| Data |
══════
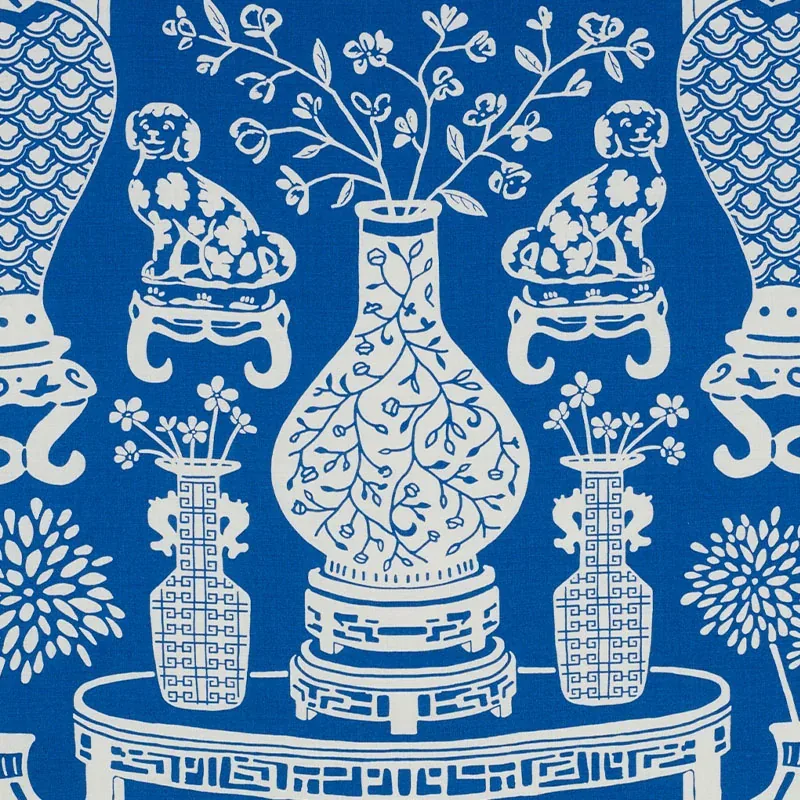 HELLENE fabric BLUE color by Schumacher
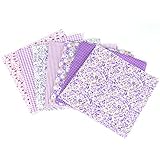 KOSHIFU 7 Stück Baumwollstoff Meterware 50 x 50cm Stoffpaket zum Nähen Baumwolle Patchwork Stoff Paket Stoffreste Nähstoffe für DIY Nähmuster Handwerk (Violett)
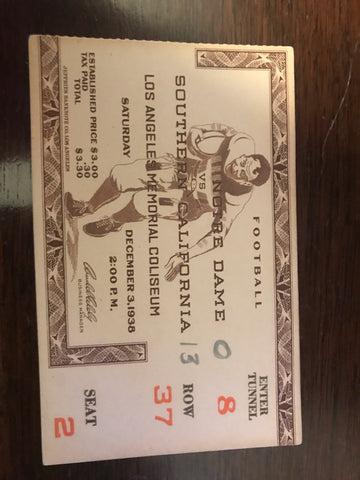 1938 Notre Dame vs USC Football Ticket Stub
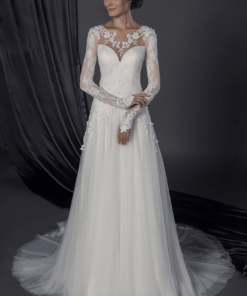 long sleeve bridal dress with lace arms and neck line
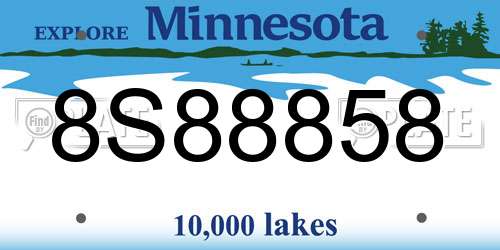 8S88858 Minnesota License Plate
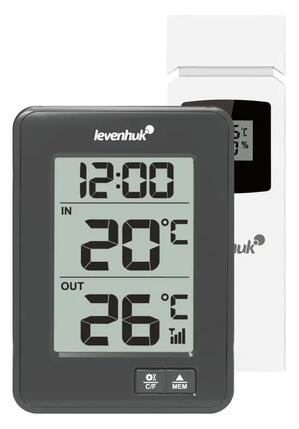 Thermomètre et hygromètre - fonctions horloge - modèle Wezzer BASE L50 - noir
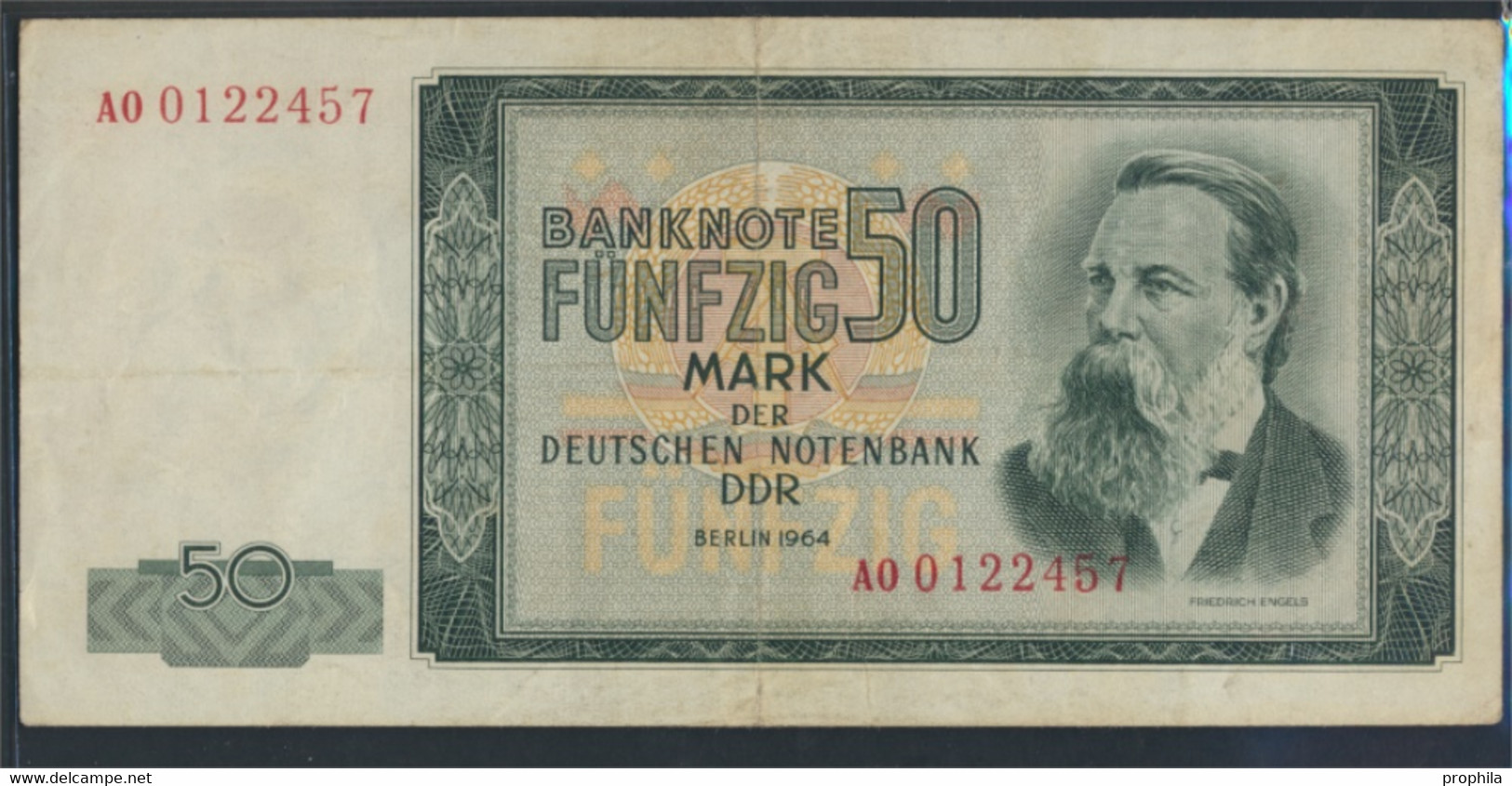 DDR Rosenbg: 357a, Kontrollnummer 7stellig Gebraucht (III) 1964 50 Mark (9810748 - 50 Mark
══════
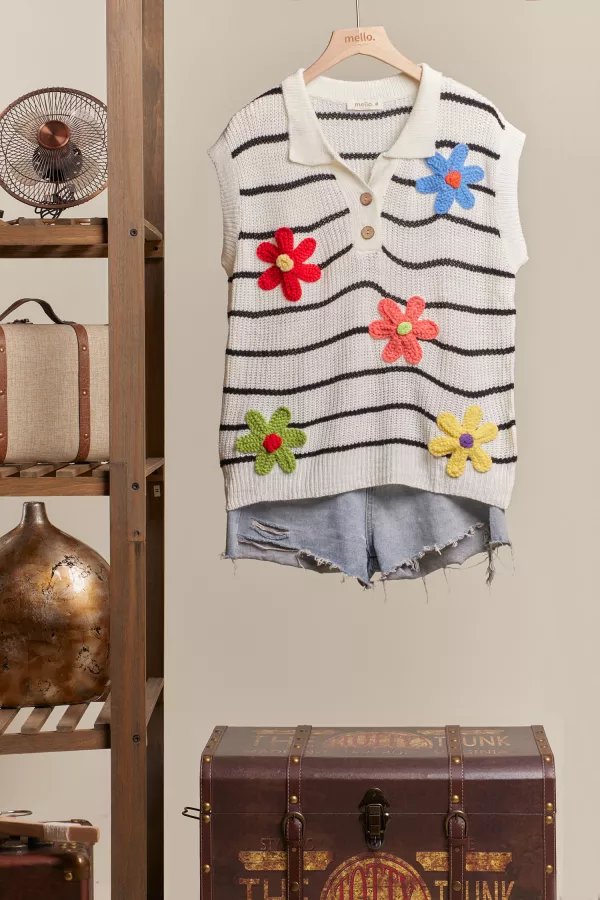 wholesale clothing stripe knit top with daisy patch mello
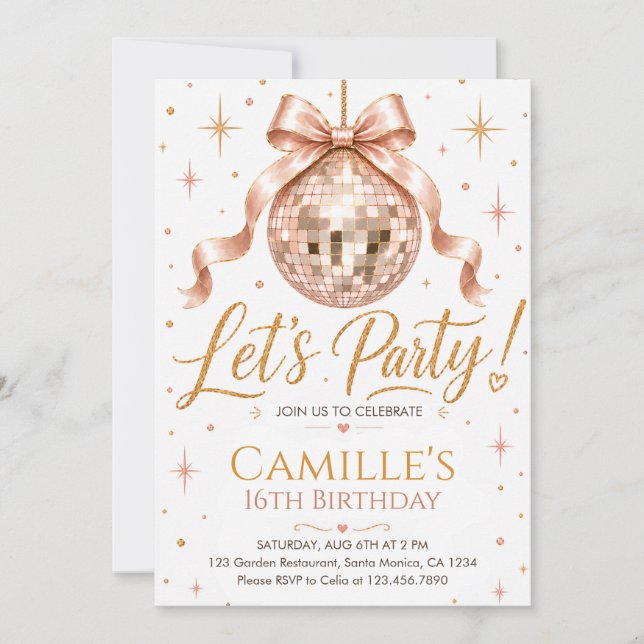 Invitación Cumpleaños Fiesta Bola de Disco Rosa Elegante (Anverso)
══════
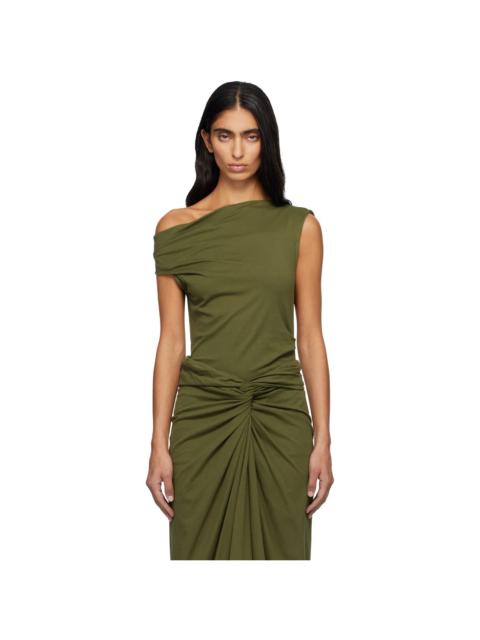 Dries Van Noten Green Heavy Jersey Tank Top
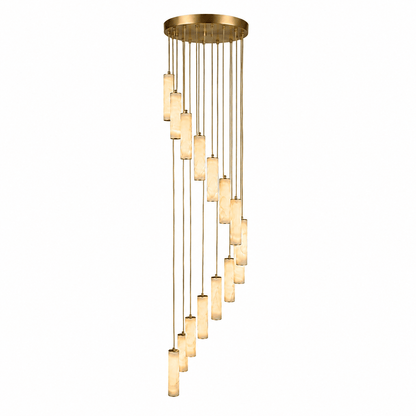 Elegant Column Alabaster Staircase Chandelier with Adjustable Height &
══════
In the entries above, find the line containing "Dries Van Noten Green Heavy Jersey Tank Top" and the line containing "Elegant Column Alabaster"; give again exactly those two lines and every line between them, minus the pictures.

| Task response |
 Dries Van Noten Green Heavy Jersey Tank Top
 Elegant Column Alabaster Staircase Chandelier with Adjustable Height &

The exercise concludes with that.